When we actually did projects, they would accept the work, semi-cooperate, and
then bury the finished product because the Board wouldn't approve it.

Even if we didn't have someone hovering over the project, trying to
micromanage it, we always ended up with a committee-based feedback system. No
matter what we did, _someone_ would hate _some_ part of it and demand it be
changed.

------
getdavidhiggins
I am using this site Hamburger Menu as a sort of browser 'acid test' and
trying to get it displaying correctly on as many devices as I can. It turned
out to be hard getting this to display in different browsers. I tried using a
polyfill for the emoji like Twemoji and Emojify, but they break under
different conditions. The site is more or less a browser acid test right now
and a learning experience if anything. I will be importing what I learned
about this site into future projects for sure. It originally started out as a
bit of fun, but mushroomed a bit as more time was allocated to it.
[https://www.hamburgermenu.xyz/](https://www.hamburgermenu.xyz/)

------
krapp
Still working on the same uninteresting projects.
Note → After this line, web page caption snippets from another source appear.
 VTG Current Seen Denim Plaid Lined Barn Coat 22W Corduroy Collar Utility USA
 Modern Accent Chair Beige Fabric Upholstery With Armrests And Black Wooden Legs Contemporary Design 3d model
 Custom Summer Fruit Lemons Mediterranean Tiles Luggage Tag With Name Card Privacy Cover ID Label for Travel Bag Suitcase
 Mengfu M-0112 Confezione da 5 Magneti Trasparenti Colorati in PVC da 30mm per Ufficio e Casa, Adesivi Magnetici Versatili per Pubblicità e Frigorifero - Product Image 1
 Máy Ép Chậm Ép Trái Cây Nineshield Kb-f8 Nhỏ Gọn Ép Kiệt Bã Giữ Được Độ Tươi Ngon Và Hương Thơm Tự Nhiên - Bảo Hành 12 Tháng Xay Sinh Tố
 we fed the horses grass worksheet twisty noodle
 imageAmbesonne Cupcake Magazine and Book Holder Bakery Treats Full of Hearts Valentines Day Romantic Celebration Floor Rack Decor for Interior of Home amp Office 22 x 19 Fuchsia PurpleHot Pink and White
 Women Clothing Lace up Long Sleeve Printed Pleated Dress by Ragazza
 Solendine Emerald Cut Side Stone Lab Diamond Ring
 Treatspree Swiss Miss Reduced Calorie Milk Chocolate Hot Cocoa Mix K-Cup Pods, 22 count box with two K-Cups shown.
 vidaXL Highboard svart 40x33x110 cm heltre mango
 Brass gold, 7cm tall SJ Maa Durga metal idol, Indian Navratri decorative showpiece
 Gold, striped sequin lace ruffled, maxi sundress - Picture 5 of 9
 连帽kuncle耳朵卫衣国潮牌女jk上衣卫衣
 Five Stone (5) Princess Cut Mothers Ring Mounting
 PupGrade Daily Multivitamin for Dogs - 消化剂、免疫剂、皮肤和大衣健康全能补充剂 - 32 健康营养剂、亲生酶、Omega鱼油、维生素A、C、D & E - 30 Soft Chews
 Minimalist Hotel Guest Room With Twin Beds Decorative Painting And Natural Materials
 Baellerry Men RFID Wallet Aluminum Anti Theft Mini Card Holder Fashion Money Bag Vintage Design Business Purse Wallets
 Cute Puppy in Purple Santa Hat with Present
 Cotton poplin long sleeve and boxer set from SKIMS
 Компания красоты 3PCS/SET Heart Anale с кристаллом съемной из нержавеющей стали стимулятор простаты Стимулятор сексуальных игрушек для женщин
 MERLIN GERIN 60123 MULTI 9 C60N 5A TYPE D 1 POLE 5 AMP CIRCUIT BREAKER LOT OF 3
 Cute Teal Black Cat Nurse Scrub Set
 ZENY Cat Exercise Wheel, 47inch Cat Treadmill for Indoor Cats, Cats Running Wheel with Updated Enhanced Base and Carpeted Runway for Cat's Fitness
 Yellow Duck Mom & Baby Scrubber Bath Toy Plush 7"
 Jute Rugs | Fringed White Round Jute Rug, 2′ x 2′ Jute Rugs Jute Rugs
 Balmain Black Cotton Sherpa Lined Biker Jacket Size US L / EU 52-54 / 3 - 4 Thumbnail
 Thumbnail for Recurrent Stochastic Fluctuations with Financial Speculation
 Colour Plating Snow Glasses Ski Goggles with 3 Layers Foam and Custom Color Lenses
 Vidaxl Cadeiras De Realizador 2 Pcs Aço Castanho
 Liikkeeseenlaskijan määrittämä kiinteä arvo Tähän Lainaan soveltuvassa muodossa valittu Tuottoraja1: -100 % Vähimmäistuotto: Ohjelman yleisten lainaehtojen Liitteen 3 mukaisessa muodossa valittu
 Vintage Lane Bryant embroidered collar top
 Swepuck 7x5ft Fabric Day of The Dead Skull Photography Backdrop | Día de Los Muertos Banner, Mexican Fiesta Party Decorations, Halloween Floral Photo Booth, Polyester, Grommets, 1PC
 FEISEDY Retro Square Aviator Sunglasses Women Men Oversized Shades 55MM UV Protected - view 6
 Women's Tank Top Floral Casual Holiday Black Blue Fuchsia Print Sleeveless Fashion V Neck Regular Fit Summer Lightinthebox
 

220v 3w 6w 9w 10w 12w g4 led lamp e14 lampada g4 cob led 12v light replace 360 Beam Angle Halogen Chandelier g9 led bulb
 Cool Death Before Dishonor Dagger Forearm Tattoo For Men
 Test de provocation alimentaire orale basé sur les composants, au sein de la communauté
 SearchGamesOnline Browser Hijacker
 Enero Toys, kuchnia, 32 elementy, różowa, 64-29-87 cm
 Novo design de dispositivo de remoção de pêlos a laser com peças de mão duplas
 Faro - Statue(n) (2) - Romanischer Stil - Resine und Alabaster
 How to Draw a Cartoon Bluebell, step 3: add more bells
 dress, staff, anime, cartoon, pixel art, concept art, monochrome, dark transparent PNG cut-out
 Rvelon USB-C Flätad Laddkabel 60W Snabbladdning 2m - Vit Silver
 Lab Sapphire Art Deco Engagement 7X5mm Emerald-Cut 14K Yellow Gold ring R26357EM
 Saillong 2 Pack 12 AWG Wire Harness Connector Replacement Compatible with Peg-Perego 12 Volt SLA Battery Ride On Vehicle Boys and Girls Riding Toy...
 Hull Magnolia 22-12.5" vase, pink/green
Working on making Space Invaders in C++/SDL. Since the last thread i've added
vector motion (with terrible "physics"), sound, gotten enemy fire to work and
a basic game state running. Currently i'm working on string rendering and UI
so I can have buttons, then the first game state transitions (title screen to
play screen.)

Also, a threaded forum which is turning out to be an anonymous Hacker News
clone in PHP: [https://imgur.com/Yojr7Dv](https://imgur.com/Yojr7Dv) (I'm not
actually calling it Slacker News though, I just thought it was funny.)

------
ftfish
[http://www.botwiki.org](http://www.botwiki.org) \-- an open-source collection
of tutorials, articles, datasets and other resources for creating
useful/interesting/artistic online bots.

------
cjwebb
Meal Planning Recommendations - suggests what you should eat this week.

The second stage will be to pre-order the food from a Supermarket API, so all
the food will already be in your house.

If I can figure out how to make an app that actually cooks my food, I'm done
:)

------
agnivade
I have recently built an app which exposes a web interface through which you
can add youtube songs. And the app will play them from the queue.

The context is that we have a big hall room and we wanted to play songs from
anywhere in the house without being connected to the speaker. Of course, we
decided against buying a bluetooth speaker and create something of our own !

Check out the source here
-[https://github.com/agnivade/youremote](https://github.com/agnivade/youremote).
Its built with React + material design UI + golang.

------
mxjxn
A democratically run publication with no central ownership, built on Ethereum.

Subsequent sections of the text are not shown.